The show cold opens with main character Touya meeting with God. God apologizes for the inconvenience, but it seems he dropped a lightning bolt on Touya’s head, and now he’s dead. Touya takes it freakishly well (even God is a bit confused at that), though really I suppose there’s not much he can do. God says he’ll be reincarnated at once, but in another world since just putting him back would be against the rules. To make up for the blunder, he also asks if Touya would like anything. At that point, Touya requests it to be possible for him to use his smartphone in the new world, which God arranges (including the rules for what he can access, some new stuff like Gods’ number and a new world map app, and magic-based battery charging). Thus, our isekai character is dropped off in the clean, pretty, period-esque world of unspecified magic with his crazy request and all the basic protagonist boosts. He finds his feet extremely quickly, of course, getting some starting funds and a pair of cute twins to party up with, Elze (the outgoing loud one) and Linze (the shy quiet one) fairly shortly.

Even before the Smartphone comes into play, it seems he’s got even more game breakers with powerful combat abilities and unprecedented magic variety – every element at high power and fast travel teleport, just to start his adventure of having the power to have all powers. He even tries out a spell like Kazuma’s Steal, with the same effect discussed but not seen. The show really goes all in on making our main character a nice common dude with every advantage in the world.

We very quickly pick up our third girl, Yae, the very hungry samurai girl and with her meet/save a little girl named Sushie, daughter of a duke and niece of the king, earning an obscene bankroll, special permissions, and top-ranked patronage in the process. You know, all the amenities to make up for our lead’s lack of personality.

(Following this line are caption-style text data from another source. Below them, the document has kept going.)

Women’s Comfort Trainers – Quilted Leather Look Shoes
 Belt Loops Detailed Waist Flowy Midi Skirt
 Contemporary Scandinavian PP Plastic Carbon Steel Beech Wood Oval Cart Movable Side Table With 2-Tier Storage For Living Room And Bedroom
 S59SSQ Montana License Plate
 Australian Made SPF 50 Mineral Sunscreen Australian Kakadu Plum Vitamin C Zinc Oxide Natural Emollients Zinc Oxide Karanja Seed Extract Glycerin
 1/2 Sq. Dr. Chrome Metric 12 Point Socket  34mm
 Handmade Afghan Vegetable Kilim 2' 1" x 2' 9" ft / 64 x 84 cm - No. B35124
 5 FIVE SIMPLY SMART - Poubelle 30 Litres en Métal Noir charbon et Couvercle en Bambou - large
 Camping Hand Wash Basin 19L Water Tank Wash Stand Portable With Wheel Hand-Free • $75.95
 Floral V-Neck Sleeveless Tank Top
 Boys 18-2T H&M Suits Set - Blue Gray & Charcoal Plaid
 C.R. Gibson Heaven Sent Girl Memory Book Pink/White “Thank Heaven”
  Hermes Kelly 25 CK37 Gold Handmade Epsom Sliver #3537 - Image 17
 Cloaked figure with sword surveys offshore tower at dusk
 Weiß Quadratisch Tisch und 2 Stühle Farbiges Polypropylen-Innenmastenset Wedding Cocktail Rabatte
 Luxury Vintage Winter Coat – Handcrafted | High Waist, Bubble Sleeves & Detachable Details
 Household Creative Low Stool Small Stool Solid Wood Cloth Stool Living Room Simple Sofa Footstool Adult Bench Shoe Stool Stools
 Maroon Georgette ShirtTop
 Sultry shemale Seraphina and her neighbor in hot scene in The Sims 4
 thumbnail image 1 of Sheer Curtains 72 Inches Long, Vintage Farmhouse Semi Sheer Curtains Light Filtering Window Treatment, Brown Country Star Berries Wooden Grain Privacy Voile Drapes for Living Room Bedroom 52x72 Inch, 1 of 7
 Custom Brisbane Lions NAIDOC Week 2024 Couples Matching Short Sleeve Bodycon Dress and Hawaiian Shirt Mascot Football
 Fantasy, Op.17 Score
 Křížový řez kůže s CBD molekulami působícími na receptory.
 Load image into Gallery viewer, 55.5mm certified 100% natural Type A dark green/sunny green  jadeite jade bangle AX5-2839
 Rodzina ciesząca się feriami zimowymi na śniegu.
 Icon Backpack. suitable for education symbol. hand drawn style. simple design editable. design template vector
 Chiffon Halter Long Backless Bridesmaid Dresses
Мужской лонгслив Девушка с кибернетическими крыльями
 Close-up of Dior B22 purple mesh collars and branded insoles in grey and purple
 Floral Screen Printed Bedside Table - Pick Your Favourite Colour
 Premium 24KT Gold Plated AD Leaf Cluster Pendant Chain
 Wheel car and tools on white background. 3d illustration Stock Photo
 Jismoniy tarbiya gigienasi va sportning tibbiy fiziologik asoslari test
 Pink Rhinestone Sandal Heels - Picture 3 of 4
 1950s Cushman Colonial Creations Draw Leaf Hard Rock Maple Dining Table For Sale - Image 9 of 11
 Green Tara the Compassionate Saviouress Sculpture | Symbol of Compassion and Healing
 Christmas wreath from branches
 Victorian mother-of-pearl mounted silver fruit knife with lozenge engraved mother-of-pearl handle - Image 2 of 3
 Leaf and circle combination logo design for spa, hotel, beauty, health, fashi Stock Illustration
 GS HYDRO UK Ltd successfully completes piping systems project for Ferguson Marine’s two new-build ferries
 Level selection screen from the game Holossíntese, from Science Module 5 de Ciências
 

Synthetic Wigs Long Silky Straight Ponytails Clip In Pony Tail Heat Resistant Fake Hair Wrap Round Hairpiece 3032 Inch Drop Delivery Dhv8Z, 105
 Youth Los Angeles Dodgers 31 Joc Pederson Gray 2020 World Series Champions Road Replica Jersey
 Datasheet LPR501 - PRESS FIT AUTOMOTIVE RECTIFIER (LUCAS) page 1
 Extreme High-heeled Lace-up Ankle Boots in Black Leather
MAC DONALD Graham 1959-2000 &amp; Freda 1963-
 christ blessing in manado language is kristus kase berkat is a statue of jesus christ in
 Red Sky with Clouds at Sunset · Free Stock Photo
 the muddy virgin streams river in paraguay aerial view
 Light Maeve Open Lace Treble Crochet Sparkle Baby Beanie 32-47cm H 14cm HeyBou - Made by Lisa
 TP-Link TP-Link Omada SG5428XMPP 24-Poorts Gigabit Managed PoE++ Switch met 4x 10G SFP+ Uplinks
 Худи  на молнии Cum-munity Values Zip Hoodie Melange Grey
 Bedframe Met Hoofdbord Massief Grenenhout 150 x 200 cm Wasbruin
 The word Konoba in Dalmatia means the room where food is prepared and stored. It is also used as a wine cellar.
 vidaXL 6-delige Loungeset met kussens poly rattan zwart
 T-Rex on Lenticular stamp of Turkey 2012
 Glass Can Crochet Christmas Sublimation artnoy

The plot tries to step up a little with an attempted assassination of the king (Via poison, easily cured with Touya’s magic) and, as the culprit is fingered with another spell, this sees Touya betrothed to the young princess much to his… kind of surprising horror. I get it, he’s sixteen and she’s twelve, which is not an acceptable gap (for modern Japan. For Faux Medieval Europe, it’s of course a-ok), until much later than the two year pause to arrangements proposed, but you’d think being welcomed into literal royalty with a starstruck young lady begging for the match would not get a “this feels like a bad dream”. It’s slightly problematic at worst. If this is your bad dream, the good ones must be something else. God even phones to both congratulate him and reassure our lead that polygyny is normal in fantasy land so he needn’t miss out just because the princess is head over heels.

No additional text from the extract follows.